APEC首脳会議は毎年開かれるが、関税戦争、米中貿易紛争などが重なった現状況で開かれる今回の会議は、世界の注目度が例年とは異なる。韓国にとっては、韓米首脳会談で米国との関税交渉がまとまるかどうかが大きな関心事だ。ドナルド・トランプ大統領は「妥結間近」だとして、「彼ら(韓国)の(妥結に向けた)準備ができ次第だ。私は準備ができている」と述べた。韓国の3500億ドルの対米投資パッケージの構成と履行案などをめぐり、米国が最後の譲歩を要求しているものとみられる。米国との信頼関係を構築しつつも、国益と商業的合理性を失わないことを望む。
今回のAPECで、韓国は韓中首脳会談(11月1日)のほかに韓日首脳会談の日程も調整している。周辺国である中国や日本との間に残っている重苦しい空気を、今回を機に「真摯な意思疎通」で解消しなければならない。11年ぶりに国賓として訪韓する中国の習近平国家主席との首脳会談は韓中関係修復の出発点としなければならず、極右色が懸念されている日本の高市早苗新首相とも前向きな韓日関係が保たれるようにする必要がある。
これとともに全世界が最も注目する場面は、30日に開かれる米中首脳会談だ。最近、レアアースの輸出規制と関連して米中間の神経戦が繰り広げられているが、今回の会談で外交的折衝を通じて貿易分野の緊張緩和が実現するという期待が高まっている。さらに、トランプ大統領と北朝鮮の金正恩(キム・ジョンウン)国務委員長の「サプライズ会合」の可能性も取りざたされている。トランプ大統領は「会合に100%開かれている」というシグナルを送っているが、金委員長は沈黙を守っている。今のところは実現の可能性は高くないかもしれないが、最後まで注目せざるを得ない。
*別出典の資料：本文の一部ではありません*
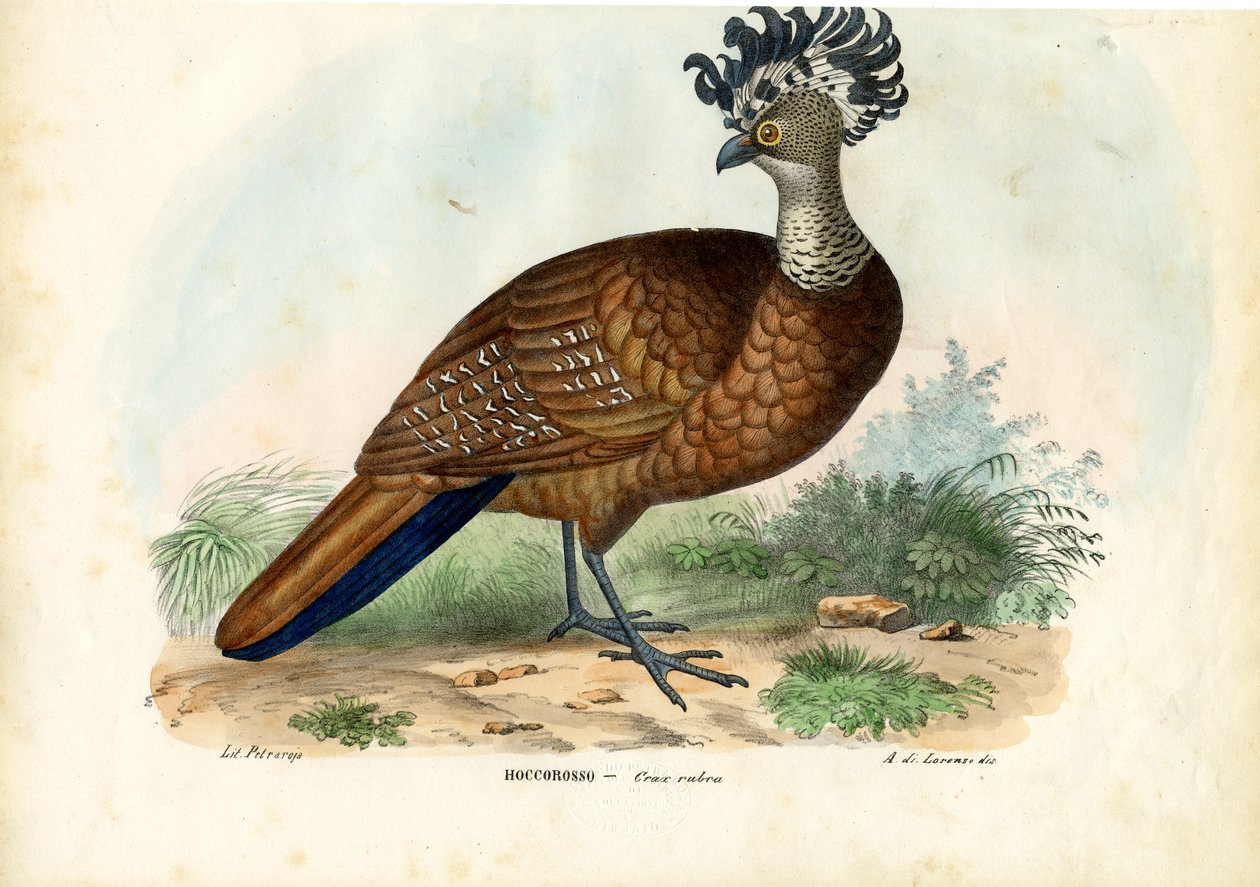 Grand Hocco, 1863-79 - Raimundo Petraroja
今回のAPEC首脳会議では、韓国は開催国として会議全体を安定的に行い、世界における韓国の地位をさらに高める契機にするとともに、米中日などとの二国間会談を通じて韓国の国益を守るという二つの課題を同時に遂行しなければならない。全方位的な外交課題の前に国益と実用を最優先し、緊張感を失わず、細心の注意を払ってほしい。